Le devis est-il obligatoire avant une réparation ?

Oui, et dans les deux configurations. L'arrêté du 24 janvier 2017 impose un devis détaillé préalablement à l'exécution de la prestation lorsque le contrat est conclu en établissement commercial, et, lorsqu'il est conclu hors établissement, le devis détaillé prend la forme du contrat prévue par le code de la consommation. Dans les deux cas, le cœur reste le même : le décompte détaillé, en quantité et en prix, de chaque prestation et de chaque produit nécessaire. Seules échappent à l'arrêté les prestations couvertes par un paiement forfaitaire de contrat d'entretien, de garantie ou de service après-vente, et les raccordements à un réseau public à tarification publique.

Dois-je proposer des pièces d'occasion à mes clients ?

Oui, pour les catégories d'appareils et de pièces listées par le code de la consommation (articles R224-30 à D224-37, issus du décret n° 2021-1944 du 31 décembre 2021) : lave-linge et lave-linge séchants, lave-vaisselle, réfrigérateurs, téléviseurs et moniteurs, ordinateurs portables, smartphones.

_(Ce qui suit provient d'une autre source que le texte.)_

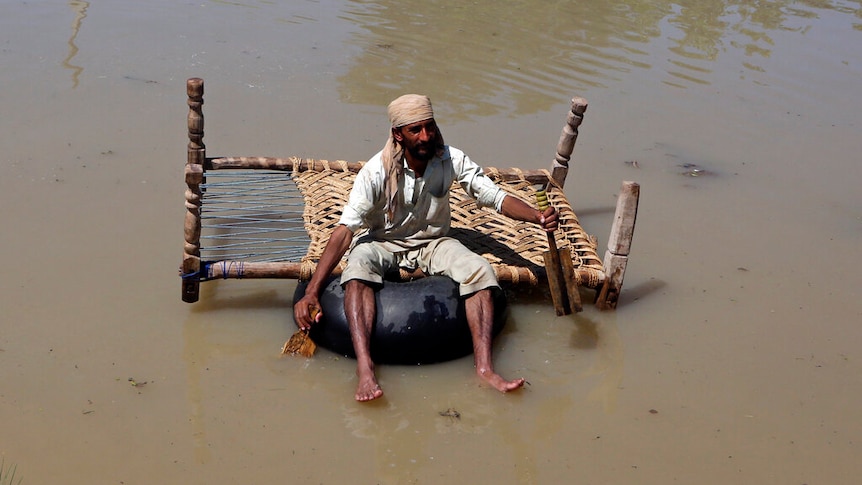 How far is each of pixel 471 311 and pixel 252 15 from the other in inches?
235

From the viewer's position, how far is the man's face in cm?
383

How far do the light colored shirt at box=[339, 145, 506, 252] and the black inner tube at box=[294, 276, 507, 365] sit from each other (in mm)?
269

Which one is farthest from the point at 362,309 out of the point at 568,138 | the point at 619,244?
the point at 568,138

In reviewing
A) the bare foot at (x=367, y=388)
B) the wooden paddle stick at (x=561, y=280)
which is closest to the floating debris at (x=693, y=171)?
the wooden paddle stick at (x=561, y=280)

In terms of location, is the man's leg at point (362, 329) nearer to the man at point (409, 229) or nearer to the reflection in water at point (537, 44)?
the man at point (409, 229)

Avant l'acceptation de l'offre, tu dois permettre au client d'opter pour des pièces issues de l'économie circulaire, sur support durable, et lui présenter les options qui modifient le prix ou le délai. Une signalétique doit l'annoncer à l'entrée de ton établissement, et tu conserves deux ans la copie des informations transmises. L'obligation ne joue pas si ces pièces ne sont pas disponibles dans le délai nécessaire à la prestation.

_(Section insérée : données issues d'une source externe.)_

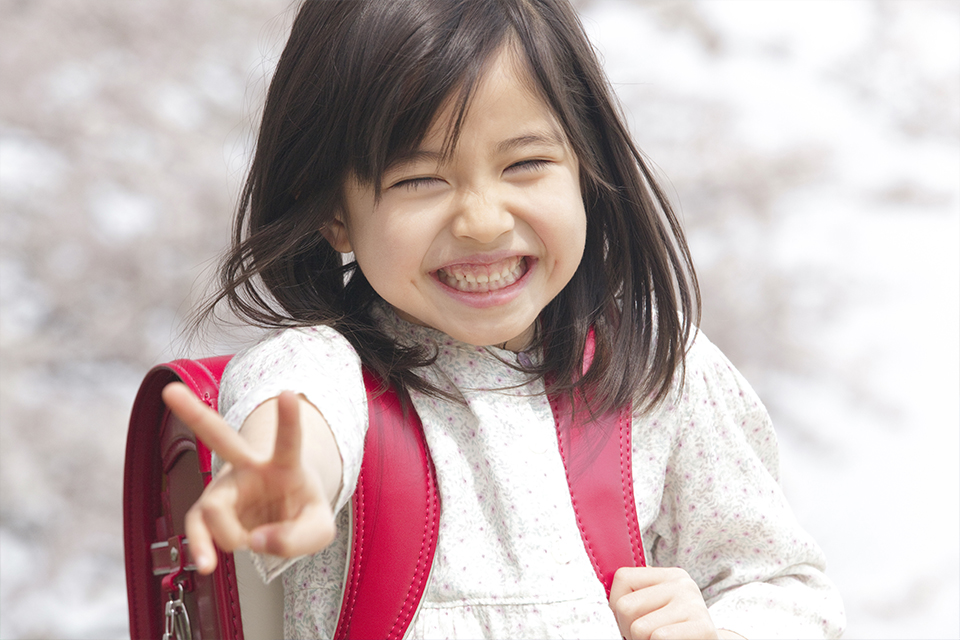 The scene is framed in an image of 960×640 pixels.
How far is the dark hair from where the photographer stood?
0.62 meters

Facture électronique 2026-2027 : un réparateur indépendant est-il concerné ?

Oui, comme tout professionnel assujetti à la TVA, y compris en franchise en base. Dès septembre 2026, tu dois pouvoir recevoir les factures électroniques structurées de tes fournisseurs — un point loin d'être théorique quand tu commandes des pièces toute l'année. À partir de septembre 2027, en micro-entreprise ou en TPE, les factures adressées à des clients professionnels — magasins, syndics, gestionnaires de résidences, entreprises sous contrat de maintenance — devront être émises au format électronique et transiter par une plateforme agréée, sous la forme d'un fichier Factur-X : un PDF lisible au format PDF/A-3 doublé d'un XML conforme à la norme EN 16931. Les réparations facturées à des particuliers ne relèvent pas de ce format obligatoire, mais du e-reporting : leurs données devront être communiquées à l'administration selon une périodicité fixée par ton régime de TVA. TaFacture génère ce fichier, mais n'est pas une plateforme agréée.